- [What to work on]: Could you return, exactly as written, only the lines from the one holding "Dream Catchers for" through the final line of the records below?

- [Input for this task]:
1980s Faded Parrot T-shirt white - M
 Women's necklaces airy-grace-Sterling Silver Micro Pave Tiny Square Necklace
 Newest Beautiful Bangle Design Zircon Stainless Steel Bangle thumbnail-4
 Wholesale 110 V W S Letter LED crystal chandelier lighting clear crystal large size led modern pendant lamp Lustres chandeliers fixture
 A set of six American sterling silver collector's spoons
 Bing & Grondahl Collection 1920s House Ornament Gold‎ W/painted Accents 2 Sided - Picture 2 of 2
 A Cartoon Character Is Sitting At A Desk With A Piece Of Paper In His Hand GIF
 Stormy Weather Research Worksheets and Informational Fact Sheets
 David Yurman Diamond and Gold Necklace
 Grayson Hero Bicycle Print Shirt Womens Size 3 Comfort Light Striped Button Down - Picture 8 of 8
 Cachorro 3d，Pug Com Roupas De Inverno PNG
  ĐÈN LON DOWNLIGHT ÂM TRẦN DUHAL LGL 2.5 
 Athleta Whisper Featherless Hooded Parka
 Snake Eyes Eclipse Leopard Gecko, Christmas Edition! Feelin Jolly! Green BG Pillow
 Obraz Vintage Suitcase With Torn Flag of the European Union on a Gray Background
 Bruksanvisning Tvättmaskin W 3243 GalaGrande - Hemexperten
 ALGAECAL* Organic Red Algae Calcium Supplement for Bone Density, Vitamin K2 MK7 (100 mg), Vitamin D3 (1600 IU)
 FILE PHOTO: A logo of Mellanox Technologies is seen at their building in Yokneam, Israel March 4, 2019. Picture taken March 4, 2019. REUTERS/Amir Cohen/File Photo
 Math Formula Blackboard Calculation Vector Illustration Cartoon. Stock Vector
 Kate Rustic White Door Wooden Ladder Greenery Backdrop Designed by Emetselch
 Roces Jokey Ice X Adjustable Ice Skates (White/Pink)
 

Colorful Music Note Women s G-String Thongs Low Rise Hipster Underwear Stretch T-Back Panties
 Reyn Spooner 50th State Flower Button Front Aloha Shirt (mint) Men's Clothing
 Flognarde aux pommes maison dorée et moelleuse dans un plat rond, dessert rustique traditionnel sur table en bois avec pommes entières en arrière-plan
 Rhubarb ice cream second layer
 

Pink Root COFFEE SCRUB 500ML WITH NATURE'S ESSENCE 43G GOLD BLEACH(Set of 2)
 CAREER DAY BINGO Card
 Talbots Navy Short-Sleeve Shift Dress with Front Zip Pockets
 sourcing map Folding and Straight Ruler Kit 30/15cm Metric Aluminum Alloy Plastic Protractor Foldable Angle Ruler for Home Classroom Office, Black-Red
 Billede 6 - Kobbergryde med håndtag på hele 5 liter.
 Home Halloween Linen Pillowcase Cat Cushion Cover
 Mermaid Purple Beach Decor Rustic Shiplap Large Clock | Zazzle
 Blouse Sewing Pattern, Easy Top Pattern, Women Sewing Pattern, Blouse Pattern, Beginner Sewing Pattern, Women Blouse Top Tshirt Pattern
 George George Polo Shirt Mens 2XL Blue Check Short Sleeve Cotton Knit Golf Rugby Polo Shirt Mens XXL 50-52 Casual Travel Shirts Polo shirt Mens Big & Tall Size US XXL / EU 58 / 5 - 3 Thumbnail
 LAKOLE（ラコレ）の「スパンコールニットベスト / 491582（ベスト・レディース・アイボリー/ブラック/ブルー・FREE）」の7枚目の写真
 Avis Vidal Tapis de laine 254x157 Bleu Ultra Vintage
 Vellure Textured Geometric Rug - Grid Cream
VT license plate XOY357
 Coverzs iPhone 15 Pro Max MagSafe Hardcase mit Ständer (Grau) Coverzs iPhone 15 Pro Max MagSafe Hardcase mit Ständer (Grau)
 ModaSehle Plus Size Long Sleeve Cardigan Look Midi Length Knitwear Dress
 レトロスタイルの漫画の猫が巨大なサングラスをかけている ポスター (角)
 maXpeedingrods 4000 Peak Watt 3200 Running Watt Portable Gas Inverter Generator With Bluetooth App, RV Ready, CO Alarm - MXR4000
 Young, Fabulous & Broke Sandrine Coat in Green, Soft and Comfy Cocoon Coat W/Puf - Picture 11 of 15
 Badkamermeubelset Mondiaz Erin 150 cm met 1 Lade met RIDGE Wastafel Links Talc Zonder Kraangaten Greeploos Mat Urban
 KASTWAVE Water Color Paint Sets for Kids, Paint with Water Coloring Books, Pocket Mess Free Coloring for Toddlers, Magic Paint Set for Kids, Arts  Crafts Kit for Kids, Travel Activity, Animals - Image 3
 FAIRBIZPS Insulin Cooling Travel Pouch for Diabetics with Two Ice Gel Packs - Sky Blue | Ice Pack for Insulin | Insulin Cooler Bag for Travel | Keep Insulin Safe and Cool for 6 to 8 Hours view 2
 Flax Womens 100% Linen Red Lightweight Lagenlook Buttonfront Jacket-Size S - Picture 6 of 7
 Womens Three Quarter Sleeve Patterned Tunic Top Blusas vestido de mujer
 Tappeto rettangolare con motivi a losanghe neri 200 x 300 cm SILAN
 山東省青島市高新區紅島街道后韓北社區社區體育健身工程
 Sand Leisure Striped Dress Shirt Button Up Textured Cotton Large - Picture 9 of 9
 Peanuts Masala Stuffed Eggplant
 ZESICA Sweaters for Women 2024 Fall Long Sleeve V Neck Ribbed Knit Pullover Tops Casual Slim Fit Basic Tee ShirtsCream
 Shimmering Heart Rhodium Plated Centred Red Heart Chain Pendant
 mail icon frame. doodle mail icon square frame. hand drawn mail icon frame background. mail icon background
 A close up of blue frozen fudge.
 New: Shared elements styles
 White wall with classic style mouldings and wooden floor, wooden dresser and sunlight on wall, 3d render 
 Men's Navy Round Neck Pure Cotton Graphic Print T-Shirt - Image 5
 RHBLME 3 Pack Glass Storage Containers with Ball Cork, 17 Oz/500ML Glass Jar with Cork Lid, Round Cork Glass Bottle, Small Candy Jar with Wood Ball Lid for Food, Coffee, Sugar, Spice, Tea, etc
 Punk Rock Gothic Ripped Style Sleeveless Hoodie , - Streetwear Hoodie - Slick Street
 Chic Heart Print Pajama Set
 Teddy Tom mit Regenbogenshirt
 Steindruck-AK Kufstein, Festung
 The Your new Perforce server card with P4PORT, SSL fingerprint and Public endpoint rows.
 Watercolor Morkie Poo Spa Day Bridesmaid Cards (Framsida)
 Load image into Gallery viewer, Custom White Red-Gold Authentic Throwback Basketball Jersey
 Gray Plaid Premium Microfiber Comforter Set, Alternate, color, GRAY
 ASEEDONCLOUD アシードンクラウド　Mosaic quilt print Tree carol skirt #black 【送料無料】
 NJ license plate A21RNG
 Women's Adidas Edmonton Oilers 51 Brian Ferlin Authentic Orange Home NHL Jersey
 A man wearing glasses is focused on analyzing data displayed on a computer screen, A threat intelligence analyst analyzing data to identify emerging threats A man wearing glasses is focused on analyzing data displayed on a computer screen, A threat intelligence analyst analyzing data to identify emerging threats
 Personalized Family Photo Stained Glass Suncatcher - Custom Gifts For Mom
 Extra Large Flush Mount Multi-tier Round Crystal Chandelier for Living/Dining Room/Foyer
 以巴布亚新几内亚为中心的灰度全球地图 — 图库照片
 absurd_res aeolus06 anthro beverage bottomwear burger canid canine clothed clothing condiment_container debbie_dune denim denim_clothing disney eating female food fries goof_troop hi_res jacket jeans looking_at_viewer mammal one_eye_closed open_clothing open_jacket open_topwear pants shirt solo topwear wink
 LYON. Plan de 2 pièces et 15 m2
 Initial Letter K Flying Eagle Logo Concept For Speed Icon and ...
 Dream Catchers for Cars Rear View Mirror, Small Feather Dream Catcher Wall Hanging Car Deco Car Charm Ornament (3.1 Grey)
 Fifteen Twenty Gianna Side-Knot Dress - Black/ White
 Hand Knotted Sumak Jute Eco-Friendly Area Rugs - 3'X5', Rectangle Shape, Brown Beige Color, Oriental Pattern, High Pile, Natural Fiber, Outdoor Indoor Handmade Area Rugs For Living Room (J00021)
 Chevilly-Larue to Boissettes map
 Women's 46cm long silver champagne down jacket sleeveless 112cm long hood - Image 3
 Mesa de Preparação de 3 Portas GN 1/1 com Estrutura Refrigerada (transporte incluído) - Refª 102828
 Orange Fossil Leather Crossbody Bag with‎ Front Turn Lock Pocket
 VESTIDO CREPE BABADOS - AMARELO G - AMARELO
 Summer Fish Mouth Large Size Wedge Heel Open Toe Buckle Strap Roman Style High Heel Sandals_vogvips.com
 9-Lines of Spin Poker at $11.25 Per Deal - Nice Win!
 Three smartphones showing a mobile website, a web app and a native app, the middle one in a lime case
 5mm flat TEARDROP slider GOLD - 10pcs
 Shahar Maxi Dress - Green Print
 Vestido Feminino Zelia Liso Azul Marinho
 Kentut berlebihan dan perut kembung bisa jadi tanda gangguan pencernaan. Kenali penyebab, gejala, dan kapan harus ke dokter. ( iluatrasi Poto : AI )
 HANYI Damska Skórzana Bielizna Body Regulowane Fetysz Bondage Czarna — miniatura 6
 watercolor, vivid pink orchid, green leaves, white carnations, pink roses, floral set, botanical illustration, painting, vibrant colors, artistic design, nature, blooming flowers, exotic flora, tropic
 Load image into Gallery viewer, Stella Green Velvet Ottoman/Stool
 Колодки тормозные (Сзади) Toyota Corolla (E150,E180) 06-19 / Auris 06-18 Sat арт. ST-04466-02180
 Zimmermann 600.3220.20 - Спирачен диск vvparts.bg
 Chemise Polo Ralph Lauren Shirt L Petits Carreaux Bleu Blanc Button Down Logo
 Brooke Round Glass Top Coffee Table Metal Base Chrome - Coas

- [Reply to the exercise]:
 Dream Catchers for Cars Rear View Mirror, Small Feather Dream Catcher Wall Hanging Car Deco Car Charm Ornament (3.1 Grey)
 Fifteen Twenty Gianna Side-Knot Dress - Black/ White
 Hand Knotted Sumak Jute Eco-Friendly Area Rugs - 3'X5', Rectangle Shape, Brown Beige Color, Oriental Pattern, High Pile, Natural Fiber, Outdoor Indoor Handmade Area Rugs For Living Room (J00021)
 Chevilly-Larue to Boissettes map
 Women's 46cm long silver champagne down jacket sleeveless 112cm long hood - Image 3
 Mesa de Preparação de 3 Portas GN 1/1 com Estrutura Refrigerada (transporte incluído) - Refª 102828
 Orange Fossil Leather Crossbody Bag with‎ Front Turn Lock Pocket
 VESTIDO CREPE BABADOS - AMARELO G - AMARELO
 Summer Fish Mouth Large Size Wedge Heel Open Toe Buckle Strap Roman Style High Heel Sandals_vogvips.com
 9-Lines of Spin Poker at $11.25 Per Deal - Nice Win!
 Three smartphones showing a mobile website, a web app and a native app, the middle one in a lime case
 5mm flat TEARDROP slider GOLD - 10pcs
 Shahar Maxi Dress - Green Print
 Vestido Feminino Zelia Liso Azul Marinho
 Kentut berlebihan dan perut kembung bisa jadi tanda gangguan pencernaan. Kenali penyebab, gejala, dan kapan harus ke dokter. ( iluatrasi Poto : AI )
 HANYI Damska Skórzana Bielizna Body Regulowane Fetysz Bondage Czarna — miniatura 6
 watercolor, vivid pink orchid, green leaves, white carnations, pink roses, floral set, botanical illustration, painting, vibrant colors, artistic design, nature, blooming flowers, exotic flora, tropic
 Load image into Gallery viewer, Stella Green Velvet Ottoman/Stool
 Колодки тормозные (Сзади) Toyota Corolla (E150,E180) 06-19 / Auris 06-18 Sat арт. ST-04466-02180
 Zimmermann 600.3220.20 - Спирачен диск vvparts.bg
 Chemise Polo Ralph Lauren Shirt L Petits Carreaux Bleu Blanc Button Down Logo
 Brooke Round Glass Top Coffee Table Metal Base Chrome - Coas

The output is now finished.